Täglich strömt ein Heer von 30.000 Pendlern vom Festland an die Arbeits- oder Studienplätze in der Lagunenstadt.

Wohnungen und Zimmer sind dort nur zu stark überhöhten Preisen zu finden. 7000 bed and breakfest gibt es im Stadtgebiet. Die Demonstranten aus 46 Vereinigungen protestierten dagegen, dass "1000 Gebäude in öffentlichem Besitz ungenutzt" seien. Für einen Handwerker sei es unmöglich, geeignete Räumlichkeiten zur Auübung seines Berufs zu finden. "Residenti resistenti" und "Venezia muore" stand auf den Transparenten zu. Die "monocultura turistica" mache Venedig zu einem Disneyland. Dass der in der Provinz Treviso ansässige Bürgermeister Luigi Brugnaro in diesen Tagen in Dubai, Boston und Lissabon für seine Initiative Invest in Venice wirbt, steigerte die Wut der Demonstranten.
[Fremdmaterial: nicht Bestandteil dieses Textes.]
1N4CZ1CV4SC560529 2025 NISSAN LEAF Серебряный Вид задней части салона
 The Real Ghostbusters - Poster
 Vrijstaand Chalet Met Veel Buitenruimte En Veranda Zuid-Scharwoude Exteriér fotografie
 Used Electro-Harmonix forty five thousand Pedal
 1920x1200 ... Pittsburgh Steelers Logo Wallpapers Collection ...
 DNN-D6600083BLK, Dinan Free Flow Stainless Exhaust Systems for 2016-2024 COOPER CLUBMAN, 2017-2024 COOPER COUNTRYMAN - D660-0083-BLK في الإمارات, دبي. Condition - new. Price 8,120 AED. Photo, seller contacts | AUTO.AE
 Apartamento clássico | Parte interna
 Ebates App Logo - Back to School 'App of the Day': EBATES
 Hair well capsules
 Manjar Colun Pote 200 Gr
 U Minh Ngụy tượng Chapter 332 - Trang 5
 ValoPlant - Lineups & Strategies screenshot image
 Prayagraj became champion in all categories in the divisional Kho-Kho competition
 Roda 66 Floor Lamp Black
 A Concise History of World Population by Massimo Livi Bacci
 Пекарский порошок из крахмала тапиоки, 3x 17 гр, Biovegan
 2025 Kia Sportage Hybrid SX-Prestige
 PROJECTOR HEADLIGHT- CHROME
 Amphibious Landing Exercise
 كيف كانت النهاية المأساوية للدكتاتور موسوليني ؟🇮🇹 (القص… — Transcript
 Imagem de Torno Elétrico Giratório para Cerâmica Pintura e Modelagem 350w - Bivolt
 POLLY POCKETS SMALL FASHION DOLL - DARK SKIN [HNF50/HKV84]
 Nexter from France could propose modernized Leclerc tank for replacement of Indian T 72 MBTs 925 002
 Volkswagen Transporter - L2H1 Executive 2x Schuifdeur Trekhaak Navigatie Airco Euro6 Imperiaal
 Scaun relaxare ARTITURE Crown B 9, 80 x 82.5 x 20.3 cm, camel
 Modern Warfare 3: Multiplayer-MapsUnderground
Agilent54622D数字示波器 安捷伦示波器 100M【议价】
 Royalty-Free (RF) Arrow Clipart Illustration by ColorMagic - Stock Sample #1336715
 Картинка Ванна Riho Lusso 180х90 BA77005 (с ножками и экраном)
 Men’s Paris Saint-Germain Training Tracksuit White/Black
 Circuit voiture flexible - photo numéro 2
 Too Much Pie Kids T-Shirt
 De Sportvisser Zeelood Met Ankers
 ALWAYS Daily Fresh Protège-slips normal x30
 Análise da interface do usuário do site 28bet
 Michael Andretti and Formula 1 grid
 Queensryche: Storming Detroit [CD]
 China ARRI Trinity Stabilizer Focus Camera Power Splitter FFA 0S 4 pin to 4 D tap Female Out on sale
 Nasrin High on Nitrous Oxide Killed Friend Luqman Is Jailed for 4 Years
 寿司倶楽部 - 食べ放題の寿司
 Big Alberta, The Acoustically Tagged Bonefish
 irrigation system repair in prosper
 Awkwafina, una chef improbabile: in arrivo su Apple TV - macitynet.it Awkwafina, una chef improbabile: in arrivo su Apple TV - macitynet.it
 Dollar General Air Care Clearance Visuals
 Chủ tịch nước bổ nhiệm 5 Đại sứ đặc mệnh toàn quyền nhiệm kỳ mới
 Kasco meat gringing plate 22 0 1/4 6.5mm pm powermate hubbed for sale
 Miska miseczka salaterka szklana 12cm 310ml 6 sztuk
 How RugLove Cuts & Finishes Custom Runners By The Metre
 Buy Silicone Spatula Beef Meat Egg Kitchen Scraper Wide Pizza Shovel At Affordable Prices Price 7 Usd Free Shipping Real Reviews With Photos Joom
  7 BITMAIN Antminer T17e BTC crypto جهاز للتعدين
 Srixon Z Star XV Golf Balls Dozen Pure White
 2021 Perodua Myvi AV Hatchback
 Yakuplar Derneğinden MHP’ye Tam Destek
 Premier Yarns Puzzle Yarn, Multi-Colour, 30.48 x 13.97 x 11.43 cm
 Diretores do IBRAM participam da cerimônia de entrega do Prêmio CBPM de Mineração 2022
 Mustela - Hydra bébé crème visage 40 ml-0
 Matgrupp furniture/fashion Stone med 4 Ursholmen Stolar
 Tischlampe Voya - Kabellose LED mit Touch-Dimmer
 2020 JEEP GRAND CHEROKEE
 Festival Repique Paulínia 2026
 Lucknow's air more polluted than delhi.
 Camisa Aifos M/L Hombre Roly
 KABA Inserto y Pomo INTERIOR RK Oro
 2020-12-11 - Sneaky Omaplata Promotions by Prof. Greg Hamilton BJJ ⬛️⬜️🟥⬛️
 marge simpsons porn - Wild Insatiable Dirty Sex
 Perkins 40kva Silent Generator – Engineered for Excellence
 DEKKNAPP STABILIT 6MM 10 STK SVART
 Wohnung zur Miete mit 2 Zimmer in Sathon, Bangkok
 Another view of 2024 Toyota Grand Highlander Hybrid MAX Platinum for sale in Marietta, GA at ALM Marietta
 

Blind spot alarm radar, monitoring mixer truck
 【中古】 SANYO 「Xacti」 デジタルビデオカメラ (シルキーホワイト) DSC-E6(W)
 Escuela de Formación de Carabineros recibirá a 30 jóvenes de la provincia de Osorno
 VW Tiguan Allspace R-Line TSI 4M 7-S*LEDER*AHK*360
Weil es keinen erschwinglichen Wohnraum für Einheimische gibt, ist die Zahl der Bewohner Venedigs auf unter 50.000 gefallen, jene der Touristen auf absurde 30 Millionen gestiegen. Noch innerhalb dieses Monats will Kulturminister Dario Franceschini einen "piano strategico contro il sovrafollamento nelle grandi cittá d'arte" vorstellen, mit dem die Besucherzahlen und die Zahl der Autobusse kontingentiert werden sollen. Er soll für Venedig, Rom, Florenz, Mailand und Neapel gelten. In Italiens Hauptstadt strömen jährlich 40 Millionen Besucher

2017 neues Rekordjahr für Italiens Fremdenverkehr   

Indessen stellt sich Italien auf ein Rekordjahr mit fast 400 Millionen Übernachtungen ein. Damit könnte es Deutschland und Grossbritannien überholen. Die ausländischen Gäste sollen um drei Prozent zunehmen - vor allem an den Stränden der Emilia-Romagna und der ligurischen Riviera. In beiden Region fehlen mehrere tausend  saisonale Arbeitkräfte, 2000 allein in Rimini, wo verzweifelt Bademeister gesucht werden. Die Abschaffung der vaucher hat die Lage zusätzlich verschärft wie die Entscheidung vieler Hoteliers, die Arbeitskräfte nicht mehr selbst zu beherbergen.  Zum üblichen Fremdenverkehr kommt in Italien noch der religiöse Tourismus mit 38 Millionen Pilgern pro Jahr.  18 Millionen jährlich besuchen den Petersdom, 6 Millionen die Basilika des Hl. Antonius in Padua, 5 Millionen Assisi, fast ebensoviele das Heiligtum von Padre Pio in S.Giovanni Rotondo und  3,5 Millionen den Wallfahrtsort Loreto.